→ **ABOUT THIS TASK**:
All that is wanted is the exact text of the lines below from the one with "Premium 3-Piece All" through the one with "Flip Cover Xiaomi", inclusive, minus any pictures.

→ **DATA SHOWN**:
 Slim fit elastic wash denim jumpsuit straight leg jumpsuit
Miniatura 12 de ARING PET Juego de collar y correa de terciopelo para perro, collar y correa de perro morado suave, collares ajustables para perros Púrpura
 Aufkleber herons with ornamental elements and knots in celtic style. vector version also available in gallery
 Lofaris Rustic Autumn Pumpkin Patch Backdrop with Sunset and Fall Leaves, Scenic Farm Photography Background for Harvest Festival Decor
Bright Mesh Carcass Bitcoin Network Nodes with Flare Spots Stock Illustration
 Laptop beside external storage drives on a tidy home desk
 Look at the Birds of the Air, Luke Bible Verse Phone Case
==
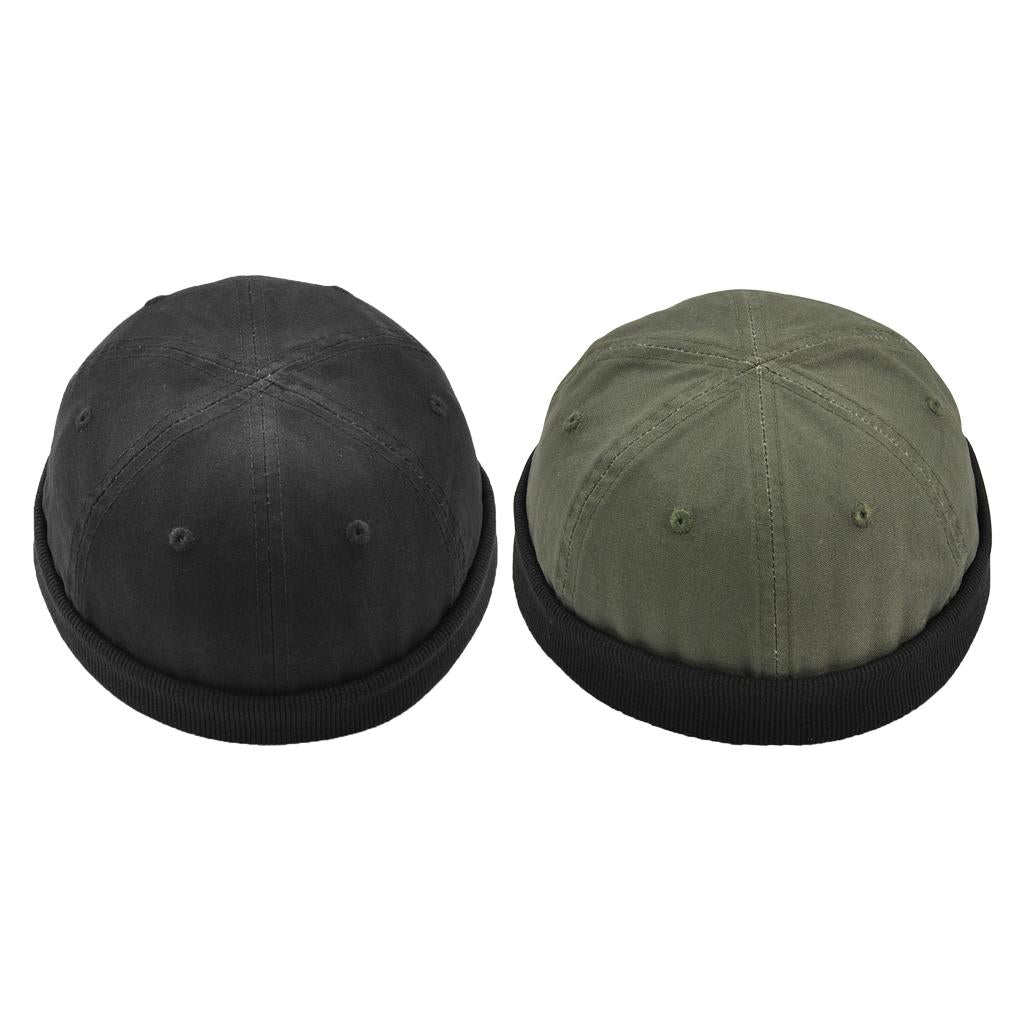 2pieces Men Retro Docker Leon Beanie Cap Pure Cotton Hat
---
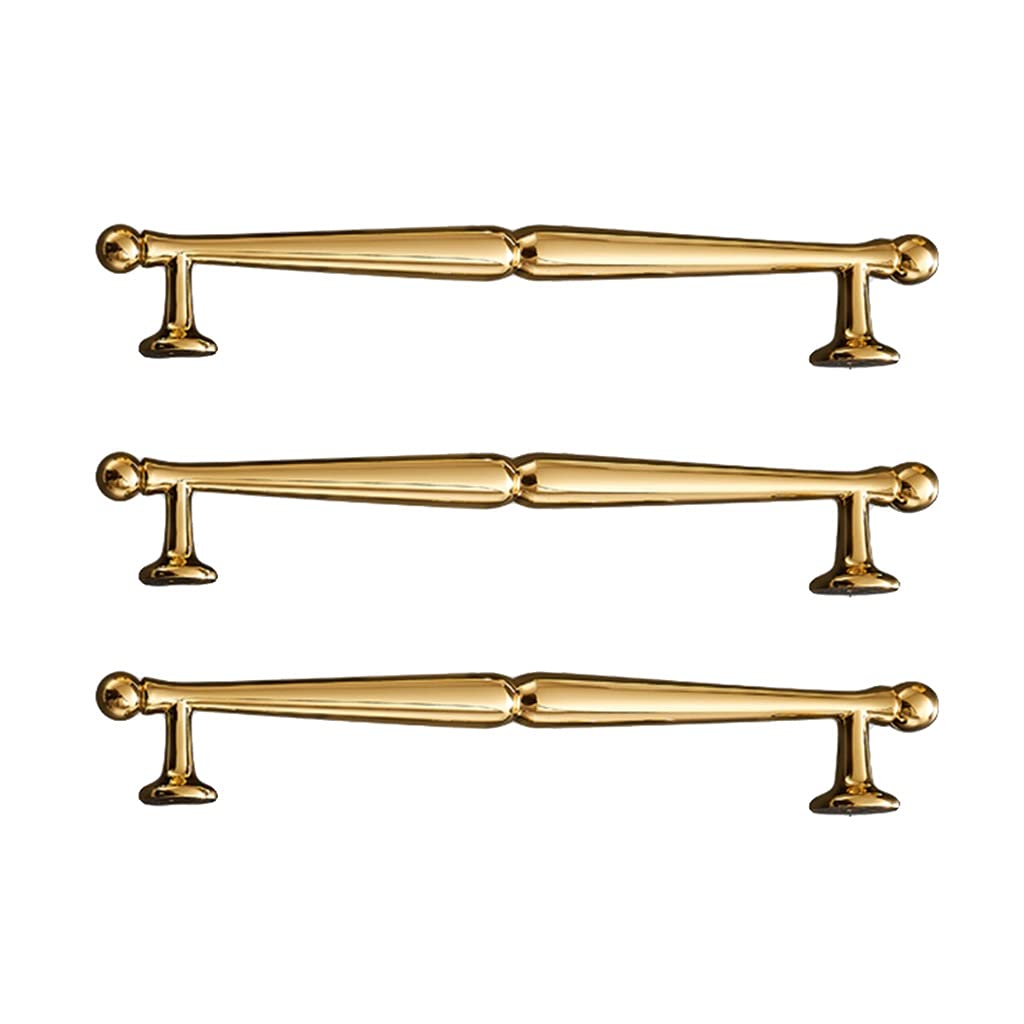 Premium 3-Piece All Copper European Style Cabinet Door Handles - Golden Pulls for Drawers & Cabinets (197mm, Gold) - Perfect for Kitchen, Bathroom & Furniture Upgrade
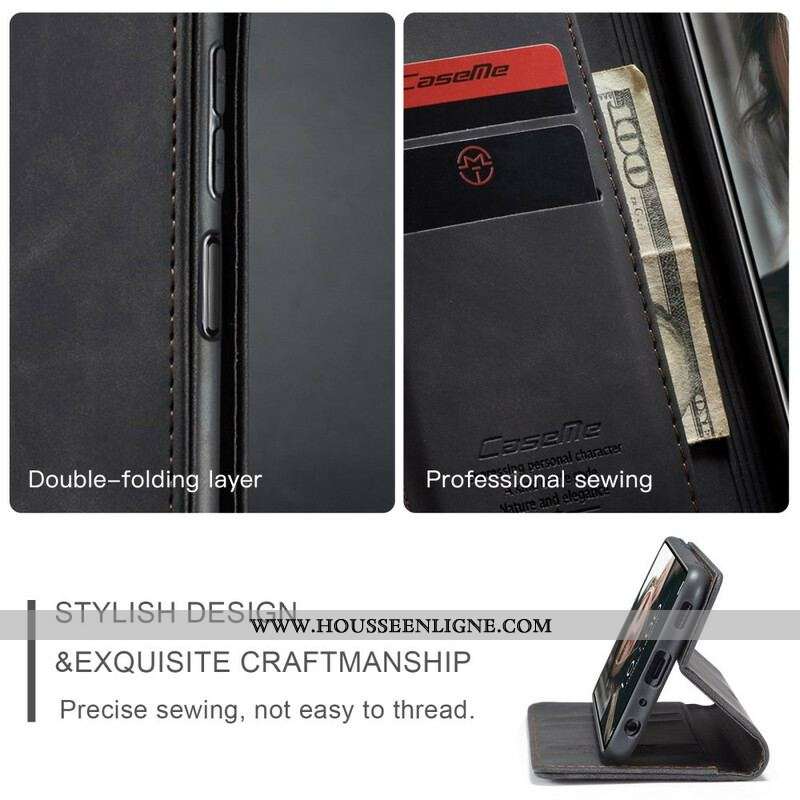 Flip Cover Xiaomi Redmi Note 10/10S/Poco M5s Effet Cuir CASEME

→ **PROBLEM SOLUTION**:
 Premium 3-Piece All Copper European Style Cabinet Door Handles - Golden Pulls for Drawers & Cabinets (197mm, Gold) - Perfect for Kitchen, Bathroom & Furniture Upgrade
 Flip Cover Xiaomi Redmi Note 10/10S/Poco M5s Effet Cuir CASEME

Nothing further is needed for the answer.